**What you are asked to do:** In the entries below, tally the lines that contain the string "Edition", then state that number alone.

**Extracted records:**

========

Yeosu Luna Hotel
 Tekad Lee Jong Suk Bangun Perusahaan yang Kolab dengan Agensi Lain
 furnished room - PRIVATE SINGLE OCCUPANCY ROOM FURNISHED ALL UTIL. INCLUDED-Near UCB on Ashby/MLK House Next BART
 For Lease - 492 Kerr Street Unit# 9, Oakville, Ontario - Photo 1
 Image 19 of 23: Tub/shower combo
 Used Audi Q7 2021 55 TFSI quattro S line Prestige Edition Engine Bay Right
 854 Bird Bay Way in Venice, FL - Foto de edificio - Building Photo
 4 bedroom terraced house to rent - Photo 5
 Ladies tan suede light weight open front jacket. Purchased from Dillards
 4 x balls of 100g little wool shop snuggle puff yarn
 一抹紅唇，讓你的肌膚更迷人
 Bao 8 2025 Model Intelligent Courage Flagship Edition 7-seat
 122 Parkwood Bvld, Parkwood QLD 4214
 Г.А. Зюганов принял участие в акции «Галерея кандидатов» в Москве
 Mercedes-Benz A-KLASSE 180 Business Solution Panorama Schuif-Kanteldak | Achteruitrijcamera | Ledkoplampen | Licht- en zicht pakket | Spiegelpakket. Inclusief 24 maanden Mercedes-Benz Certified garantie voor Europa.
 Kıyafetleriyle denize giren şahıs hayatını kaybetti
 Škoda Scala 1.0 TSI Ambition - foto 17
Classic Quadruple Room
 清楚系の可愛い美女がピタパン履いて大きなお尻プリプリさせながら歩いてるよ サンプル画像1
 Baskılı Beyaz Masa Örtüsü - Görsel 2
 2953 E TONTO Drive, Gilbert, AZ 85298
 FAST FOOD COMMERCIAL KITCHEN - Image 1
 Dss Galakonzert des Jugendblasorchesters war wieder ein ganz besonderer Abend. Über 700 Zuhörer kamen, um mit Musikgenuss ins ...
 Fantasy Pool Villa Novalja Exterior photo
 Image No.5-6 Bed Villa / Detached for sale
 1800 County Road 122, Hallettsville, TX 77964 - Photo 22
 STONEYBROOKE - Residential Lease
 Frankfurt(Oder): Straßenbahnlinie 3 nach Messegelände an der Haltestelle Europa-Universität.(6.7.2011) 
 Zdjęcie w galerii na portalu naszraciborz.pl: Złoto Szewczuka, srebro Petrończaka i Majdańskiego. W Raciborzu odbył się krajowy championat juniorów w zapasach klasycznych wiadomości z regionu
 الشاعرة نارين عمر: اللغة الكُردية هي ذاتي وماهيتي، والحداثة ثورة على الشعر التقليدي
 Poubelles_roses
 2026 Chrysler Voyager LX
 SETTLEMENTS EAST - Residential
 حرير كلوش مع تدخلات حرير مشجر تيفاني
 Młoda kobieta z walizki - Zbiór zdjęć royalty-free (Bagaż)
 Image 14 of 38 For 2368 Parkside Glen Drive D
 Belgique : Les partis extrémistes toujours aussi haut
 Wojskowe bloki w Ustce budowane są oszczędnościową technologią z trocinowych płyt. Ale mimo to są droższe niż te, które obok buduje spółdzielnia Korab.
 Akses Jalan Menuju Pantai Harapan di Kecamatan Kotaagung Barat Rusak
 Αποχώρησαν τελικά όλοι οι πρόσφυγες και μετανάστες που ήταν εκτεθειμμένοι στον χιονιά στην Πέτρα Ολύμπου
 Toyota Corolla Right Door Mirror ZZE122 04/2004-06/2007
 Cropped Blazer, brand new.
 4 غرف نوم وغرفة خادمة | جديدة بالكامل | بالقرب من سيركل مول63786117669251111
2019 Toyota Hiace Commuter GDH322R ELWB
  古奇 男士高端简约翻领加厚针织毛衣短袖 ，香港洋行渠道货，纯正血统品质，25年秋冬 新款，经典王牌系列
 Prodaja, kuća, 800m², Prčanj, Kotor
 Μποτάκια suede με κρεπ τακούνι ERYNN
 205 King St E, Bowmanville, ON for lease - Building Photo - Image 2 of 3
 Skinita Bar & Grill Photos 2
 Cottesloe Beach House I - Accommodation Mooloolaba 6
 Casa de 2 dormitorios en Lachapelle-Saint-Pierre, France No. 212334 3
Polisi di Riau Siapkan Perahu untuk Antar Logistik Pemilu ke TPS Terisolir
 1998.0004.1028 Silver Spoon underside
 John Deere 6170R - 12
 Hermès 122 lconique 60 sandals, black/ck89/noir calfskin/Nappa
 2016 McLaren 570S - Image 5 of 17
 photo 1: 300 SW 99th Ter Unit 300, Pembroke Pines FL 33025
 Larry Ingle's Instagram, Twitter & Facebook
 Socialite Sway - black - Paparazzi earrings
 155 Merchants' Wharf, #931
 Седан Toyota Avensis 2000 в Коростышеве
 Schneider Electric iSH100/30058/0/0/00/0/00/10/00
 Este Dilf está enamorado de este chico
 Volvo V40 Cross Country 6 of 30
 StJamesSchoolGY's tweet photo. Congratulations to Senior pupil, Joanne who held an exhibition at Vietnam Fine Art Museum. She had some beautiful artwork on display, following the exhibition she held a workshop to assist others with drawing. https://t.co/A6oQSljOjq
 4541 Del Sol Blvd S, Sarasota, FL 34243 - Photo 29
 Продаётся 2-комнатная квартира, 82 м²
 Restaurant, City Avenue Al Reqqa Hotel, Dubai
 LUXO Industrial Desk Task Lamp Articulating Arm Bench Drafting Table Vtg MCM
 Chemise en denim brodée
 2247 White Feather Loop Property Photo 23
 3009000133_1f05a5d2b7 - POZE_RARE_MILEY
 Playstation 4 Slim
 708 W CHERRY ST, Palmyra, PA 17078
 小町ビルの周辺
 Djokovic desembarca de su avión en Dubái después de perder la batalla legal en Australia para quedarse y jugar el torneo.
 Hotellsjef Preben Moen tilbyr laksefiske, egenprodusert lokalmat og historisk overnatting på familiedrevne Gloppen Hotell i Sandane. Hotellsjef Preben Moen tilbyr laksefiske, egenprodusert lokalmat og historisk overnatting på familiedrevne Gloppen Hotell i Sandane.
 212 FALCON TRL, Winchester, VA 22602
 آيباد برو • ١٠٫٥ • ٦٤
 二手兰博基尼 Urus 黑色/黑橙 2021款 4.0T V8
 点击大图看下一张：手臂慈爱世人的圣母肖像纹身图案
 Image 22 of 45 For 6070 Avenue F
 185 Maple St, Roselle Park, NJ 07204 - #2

========

**Your response:** 2